The company had a platform customers could use to create and manage multi-currency IBAN accounts. Customers were charged per transaction, and the size of the fee varied depending on certain parameters. Calculating this fee and then invoicing was a mundane, time-consuming task that the company wanted to automate.
Developing the invoice automation system required more programmers than the company had in-house. It reached out to several developers, including Elinext. We responded quickly, had the relevant skills, and could tackle the task without further ado, so we were picked for the job.
The client came to us with a broad idea for the invoice automation system. It was up to us to design the system, define requirements and narrow down the scope of work. We listened to the client’s description of the prospective product and rolled up our sleeves.
With projects such as this one, no methodology works better than Scrum, which we have long been using. Twice a week, we hopped onto a video call with the client to make sure we were on track. The client took an increasingly active part in defining the details of the product as the idea evolved.
In two weeks, we knew exactly what we needed to build.
We built the system as a set of asynchronous modules. To help the client save money at the beginning, we cross-compiled the code and placed it in Amazon’s DynamoDB Local. As a result, it is only executed when someone uses the system.
We used various methods to make sure the system works as expected. Those included continuous integration with Jenkins and testing, both automated and manual.
In terms of the system’s functional structure, the three main parts are events, contracts, and a dashboard.
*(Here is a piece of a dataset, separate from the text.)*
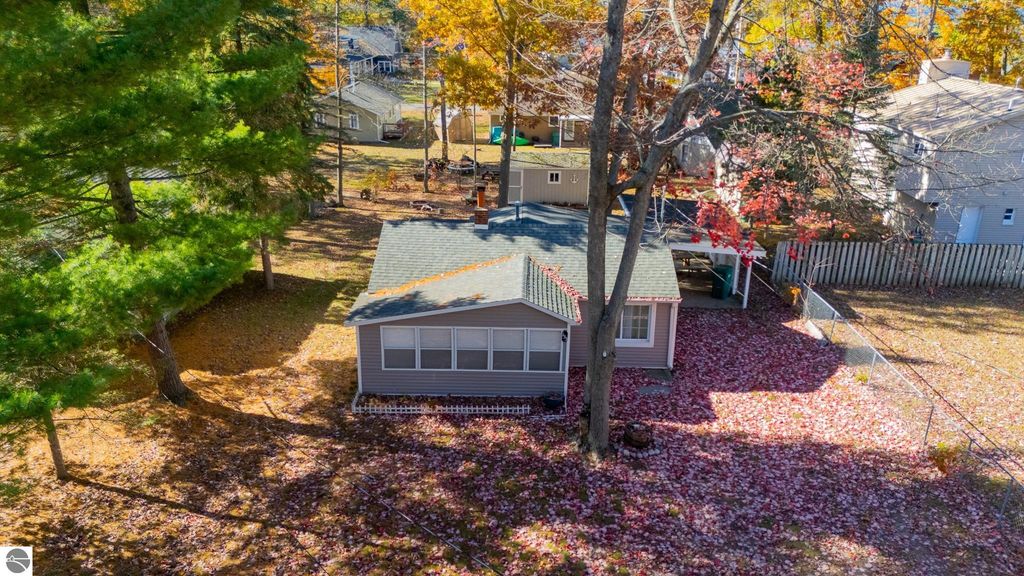 Aerial view of a cozy two-bedroom cottage at 133 Maple Bluffs Avenue, Prudenville, MI, surrounded by autumn foliage, featuring a carport, backyard shed, and spacious yard.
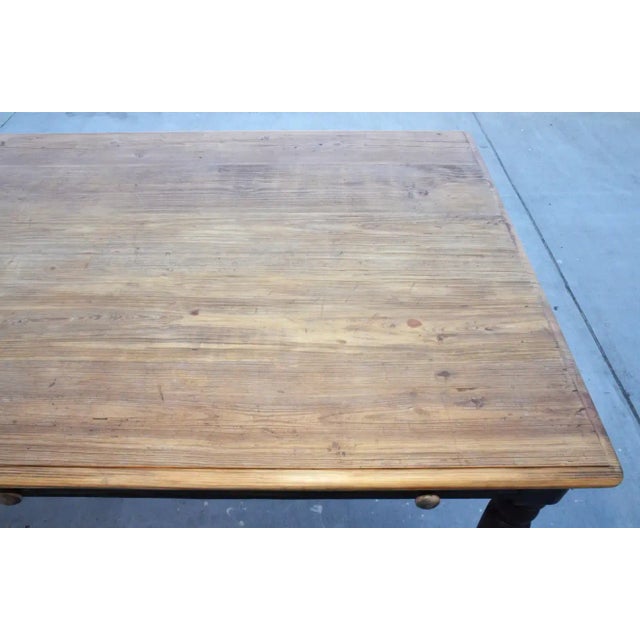 This farmhouse table is made from reclaimed pine with a painted base, turned legs and two large drawers which can be...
The client’s system records all transactions as events. Has a customer received funds? An event is recorded. Have they sent funds? Another event is recorded. For each event, the system charges the customer a fee. All events have four parameters: ID, timestamp, quantity, and type.
We needed to automate the grouping of events, calculating fees based on their parameters and generating invoices accordingly. In order to do that, we created contracts.
Contracts work as digital agreements within the system, comprising business rules unique for each customer. These rules define how the system calculates each event’s fee based on the event type, time, and amount of money processed (quantity).
System admins can use contracts to create invoices without gathering information and calculating fees manually. They only need to select a customer and billing range. The system will generate an invoice by matching the contract and the customer’s events.
Admins can create, edit, preview, issue, email and approve invoices from the dashboard.
Once an admin has issued an invoice, the customer can approve it and the invoice status will change to “Approved”. The admin will then be able to give the invoice final approval and email it to the customer. After that, the system will automatically extract funds from the customer’s account.
The status will change for each stage of the invoice’s lifecycle (approved, pending, paid, etc.).
It took us three months to build the automated invoicing system with very few initial specifications from the client. In the following three months, we improved the software based on user feedback.
The client is planning to allow users to charge their customers within the platform.